• **REQUIRED ACTION**: Give the entries again exactly; drop the pictures.

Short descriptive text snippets

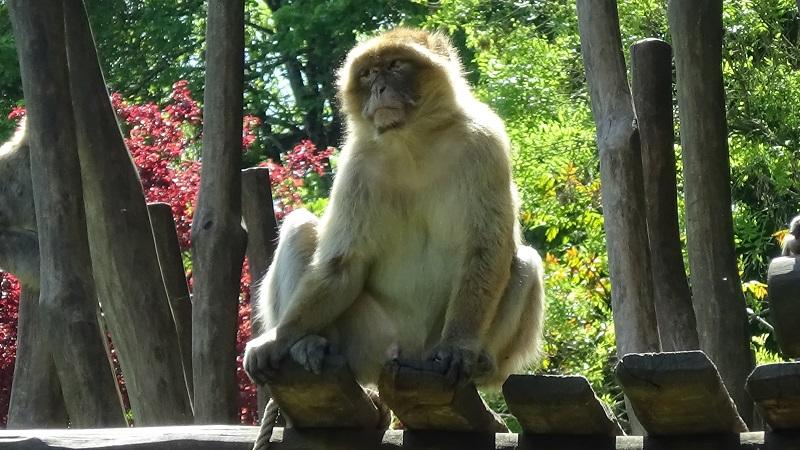 Poster en cadre Singe magot ous macaque berbère (Macaca sylvanus) 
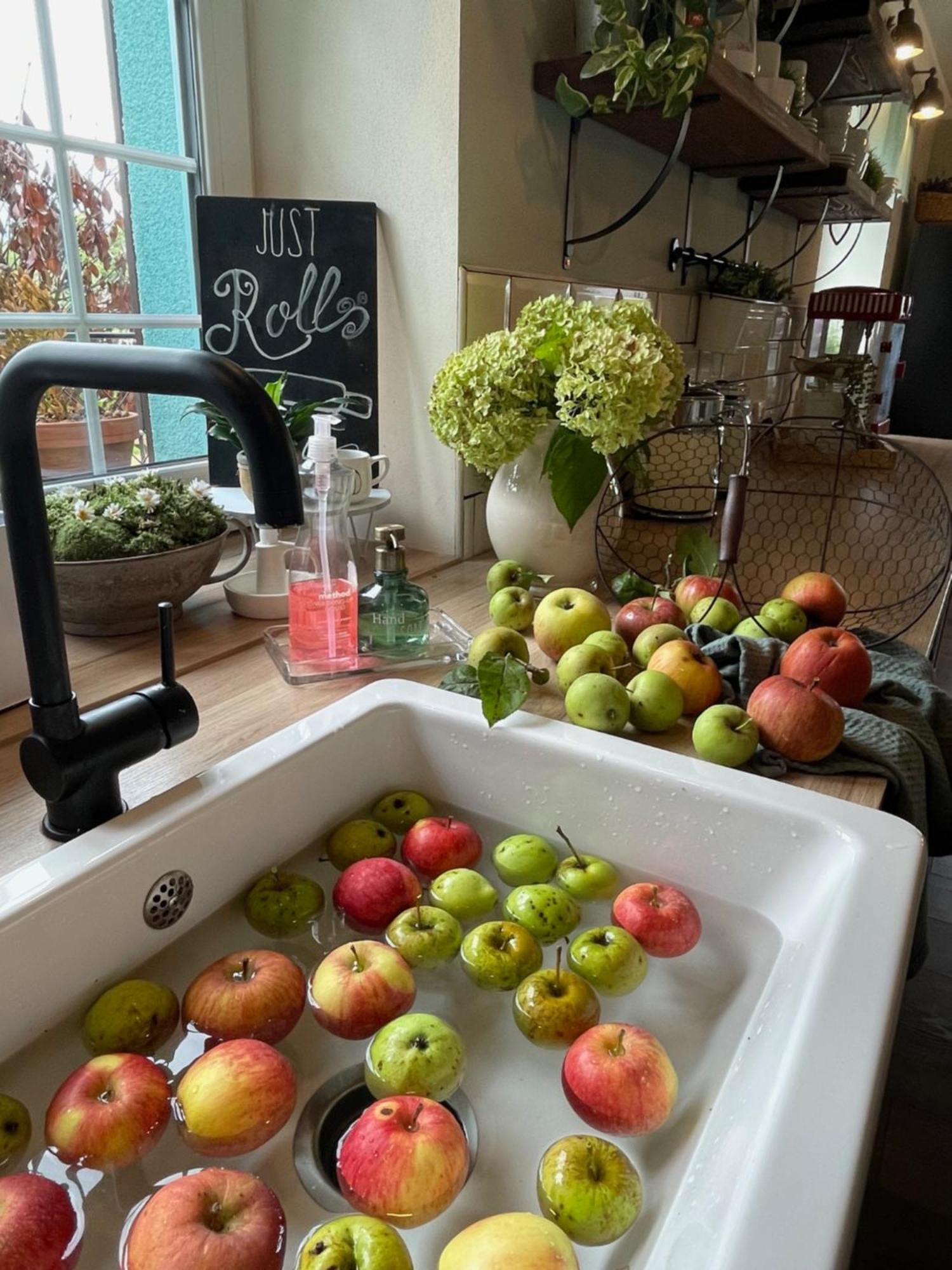 Orchardhouse Farmhouse, Wellness Chrast  Dış mekan fotoğraf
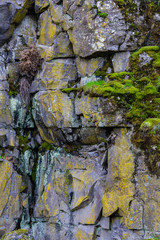 Columbia River Gorge, between Oregon and Washington states. Pictures are Columbia River Basalt rock.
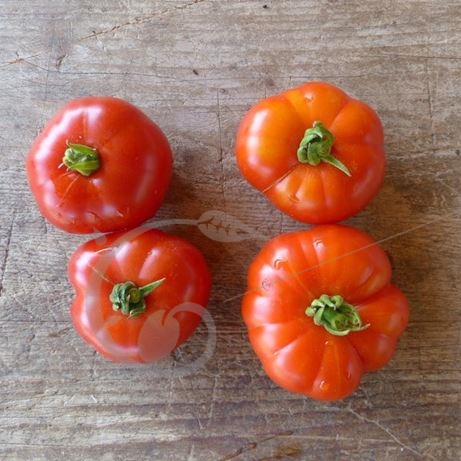 graine et semence Tomate calabash red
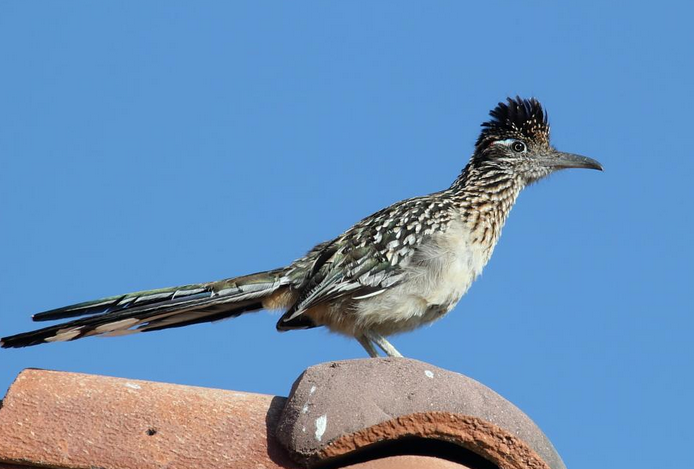  p>走鹃(学名:geococcyx)是 a href="#">鹃形目 /a> a href="#">杜鹃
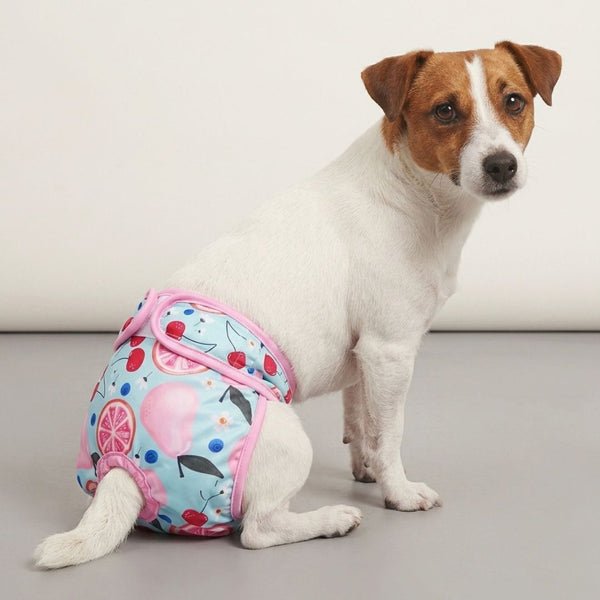 Couche lavable chien motif cerises - vue principale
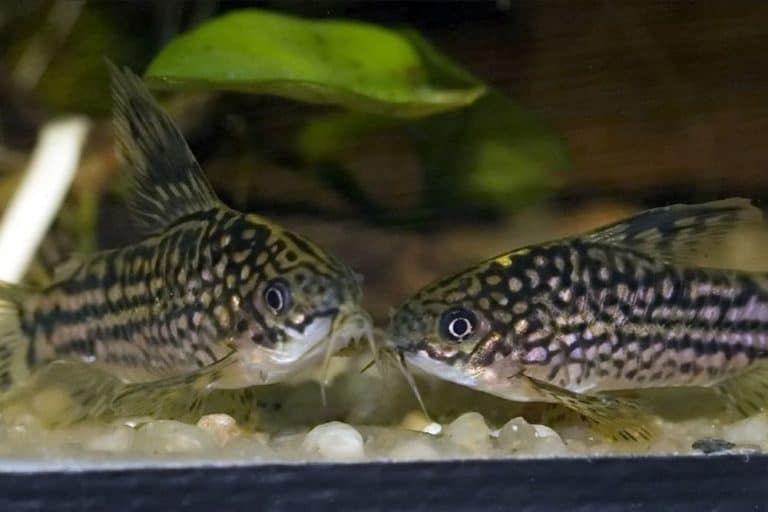13 Types Of Corydoras For Your Aquarium Planted Nano Tanks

• **YOUR SOLUTION**:
 Poster en cadre Singe magot ous macaque berbère (Macaca sylvanus) 
 Orchardhouse Farmhouse, Wellness Chrast  Dış mekan fotoğraf
 Columbia River Gorge, between Oregon and Washington states. Pictures are Columbia River Basalt rock.
 graine et semence Tomate calabash red
  p>走鹃(学名:geococcyx)是 a href="#">鹃形目 /a> a href="#">杜鹃
 Couche lavable chien motif cerises - vue principale
13 Types Of Corydoras For Your Aquarium Planted Nano Tanks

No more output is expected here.